== PROBLEM DETAILS ==
Return only the lines running from the top of the entries to the line with "Masters Of The", inclusive, exactly as written.

Stored data

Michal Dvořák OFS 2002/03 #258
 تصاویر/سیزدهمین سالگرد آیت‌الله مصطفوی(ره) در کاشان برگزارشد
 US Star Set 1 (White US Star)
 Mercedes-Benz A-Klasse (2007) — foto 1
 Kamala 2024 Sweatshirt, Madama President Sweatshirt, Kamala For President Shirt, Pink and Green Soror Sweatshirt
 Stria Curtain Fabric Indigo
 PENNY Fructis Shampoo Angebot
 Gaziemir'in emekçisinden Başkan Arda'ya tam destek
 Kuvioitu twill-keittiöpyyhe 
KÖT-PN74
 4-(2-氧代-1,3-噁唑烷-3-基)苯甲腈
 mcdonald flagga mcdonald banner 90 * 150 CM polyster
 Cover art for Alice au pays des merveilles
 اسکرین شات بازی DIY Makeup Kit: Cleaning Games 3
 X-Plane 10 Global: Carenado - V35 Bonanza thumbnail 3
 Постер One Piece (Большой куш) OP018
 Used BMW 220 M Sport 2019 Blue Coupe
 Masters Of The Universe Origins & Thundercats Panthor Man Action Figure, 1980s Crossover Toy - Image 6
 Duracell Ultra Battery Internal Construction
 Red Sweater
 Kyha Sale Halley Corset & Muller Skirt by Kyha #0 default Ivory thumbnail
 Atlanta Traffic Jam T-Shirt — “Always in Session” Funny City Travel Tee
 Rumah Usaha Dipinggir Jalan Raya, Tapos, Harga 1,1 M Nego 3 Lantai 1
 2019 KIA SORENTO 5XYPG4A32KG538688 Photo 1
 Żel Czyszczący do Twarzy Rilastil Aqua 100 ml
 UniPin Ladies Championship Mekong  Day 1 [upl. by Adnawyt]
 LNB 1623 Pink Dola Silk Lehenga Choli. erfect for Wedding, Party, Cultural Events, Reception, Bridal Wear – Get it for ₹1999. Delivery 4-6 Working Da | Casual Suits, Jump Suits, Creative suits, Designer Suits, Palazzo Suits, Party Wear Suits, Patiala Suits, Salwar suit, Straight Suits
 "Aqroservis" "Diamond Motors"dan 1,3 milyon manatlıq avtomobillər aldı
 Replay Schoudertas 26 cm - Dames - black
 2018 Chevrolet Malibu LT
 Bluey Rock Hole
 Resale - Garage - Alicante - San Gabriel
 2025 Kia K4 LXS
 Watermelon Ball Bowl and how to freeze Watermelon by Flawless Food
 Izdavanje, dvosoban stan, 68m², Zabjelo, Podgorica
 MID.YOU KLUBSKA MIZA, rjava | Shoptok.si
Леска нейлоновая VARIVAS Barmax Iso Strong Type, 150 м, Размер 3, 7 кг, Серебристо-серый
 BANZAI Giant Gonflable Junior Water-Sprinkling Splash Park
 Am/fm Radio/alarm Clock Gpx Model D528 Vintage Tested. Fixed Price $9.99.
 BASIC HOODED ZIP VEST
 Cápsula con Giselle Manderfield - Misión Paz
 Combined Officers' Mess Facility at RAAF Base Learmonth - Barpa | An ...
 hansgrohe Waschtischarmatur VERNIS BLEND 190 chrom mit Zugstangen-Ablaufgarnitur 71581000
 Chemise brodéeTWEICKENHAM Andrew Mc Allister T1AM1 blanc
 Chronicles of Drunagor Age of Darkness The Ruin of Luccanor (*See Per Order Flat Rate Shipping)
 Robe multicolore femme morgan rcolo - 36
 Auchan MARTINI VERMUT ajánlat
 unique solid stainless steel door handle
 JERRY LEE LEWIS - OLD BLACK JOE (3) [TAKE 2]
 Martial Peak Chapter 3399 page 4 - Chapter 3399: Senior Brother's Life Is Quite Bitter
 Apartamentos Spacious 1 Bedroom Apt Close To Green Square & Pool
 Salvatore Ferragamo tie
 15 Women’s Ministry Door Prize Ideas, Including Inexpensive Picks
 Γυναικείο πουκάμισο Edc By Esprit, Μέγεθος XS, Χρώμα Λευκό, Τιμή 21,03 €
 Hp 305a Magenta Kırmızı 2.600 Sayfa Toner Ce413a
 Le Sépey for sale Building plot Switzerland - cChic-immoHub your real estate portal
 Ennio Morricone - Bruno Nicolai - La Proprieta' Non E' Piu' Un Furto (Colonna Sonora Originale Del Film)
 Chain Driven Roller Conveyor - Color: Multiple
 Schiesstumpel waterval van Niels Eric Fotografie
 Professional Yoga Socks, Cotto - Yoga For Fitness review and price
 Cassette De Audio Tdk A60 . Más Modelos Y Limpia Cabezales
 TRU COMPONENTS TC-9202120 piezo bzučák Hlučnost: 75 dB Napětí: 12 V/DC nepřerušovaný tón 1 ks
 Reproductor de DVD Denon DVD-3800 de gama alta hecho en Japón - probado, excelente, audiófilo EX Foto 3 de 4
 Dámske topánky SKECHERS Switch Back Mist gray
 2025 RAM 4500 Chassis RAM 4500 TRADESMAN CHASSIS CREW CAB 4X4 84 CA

== RESULT OF THIS EXERCISE ==
Michal Dvořák OFS 2002/03 #258
 تصاویر/سیزدهمین سالگرد آیت‌الله مصطفوی(ره) در کاشان برگزارشد
 US Star Set 1 (White US Star)
 Mercedes-Benz A-Klasse (2007) — foto 1
 Kamala 2024 Sweatshirt, Madama President Sweatshirt, Kamala For President Shirt, Pink and Green Soror Sweatshirt
 Stria Curtain Fabric Indigo
 PENNY Fructis Shampoo Angebot
 Gaziemir'in emekçisinden Başkan Arda'ya tam destek
 Kuvioitu twill-keittiöpyyhe 
KÖT-PN74
 4-(2-氧代-1,3-噁唑烷-3-基)苯甲腈
 mcdonald flagga mcdonald banner 90 * 150 CM polyster
 Cover art for Alice au pays des merveilles
 اسکرین شات بازی DIY Makeup Kit: Cleaning Games 3
 X-Plane 10 Global: Carenado - V35 Bonanza thumbnail 3
 Постер One Piece (Большой куш) OP018
 Used BMW 220 M Sport 2019 Blue Coupe
 Masters Of The Universe Origins & Thundercats Panthor Man Action Figure, 1980s Crossover Toy - Image 6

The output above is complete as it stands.